異動や昇進、企画の通る・通らないなど、釈然としないことの多くは、その理由が明確ではありません。裏で暗黙のルールが働いていたり、社内の政治力が影響を与えていたりします。これは、ある程度の規模の組織である以上やむをえないことです。そうした政治的な意思決定がまったく存在しない「ホワイトな組織」を夢想することは、夢想に終わりがちかもしれません。

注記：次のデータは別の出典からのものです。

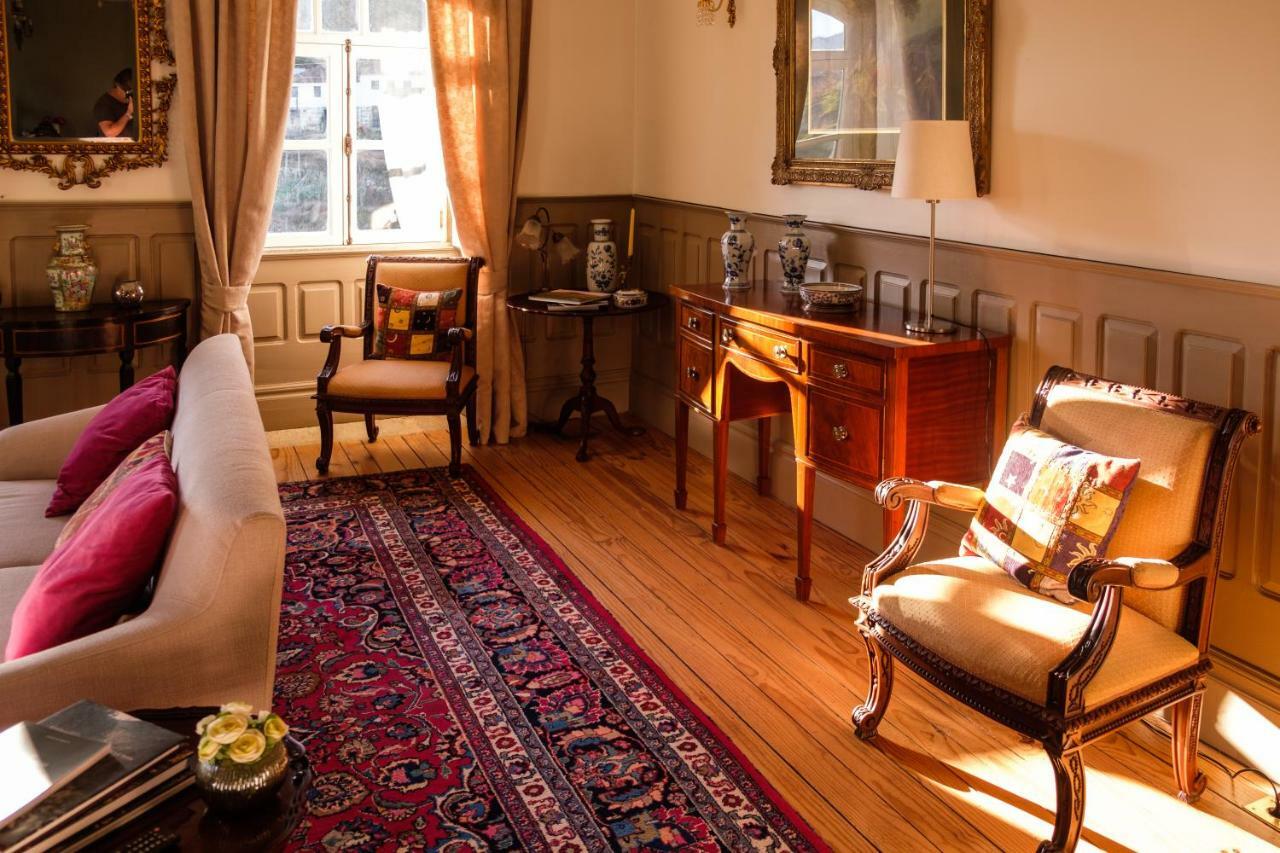Quinta De Anterronde Villa Arouca Eksteriør billede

暗黙のルールですから、それは言葉にならないルールということです。その決裁ルートも不明瞭であることが少なくありません。また暗黙のルールには、組織構成員の「感情」も大きな影響をもたらしていることがあります。ビジネスは「ロジック」で動いているのはなく、「感情」で動くことも多いのです。

重要なことほど暗黙知化されている

言葉にならないこと、決裁ルートが不明瞭であること、また感情で動きやすいものは、それを「感じること」が重要です。基本的にこういう事案が起きたときは、誰がどう動くかをつぶさに観察するしかないと思います。ビジネスは「観察」からはじまります。観察力には個人差があり、見ている人は見ているし、見ていない人は見ていません。

ただし、暗黙のルールがときたま表に出るときがあります。それは、その会社に長くいるベテランや、組織のキーマンが「そういうときは、こうするんだよ」とこっそり教えてくれる瞬間です。暗黙知が半形式知化する、またとない機会です。それを見逃さないことが大事です。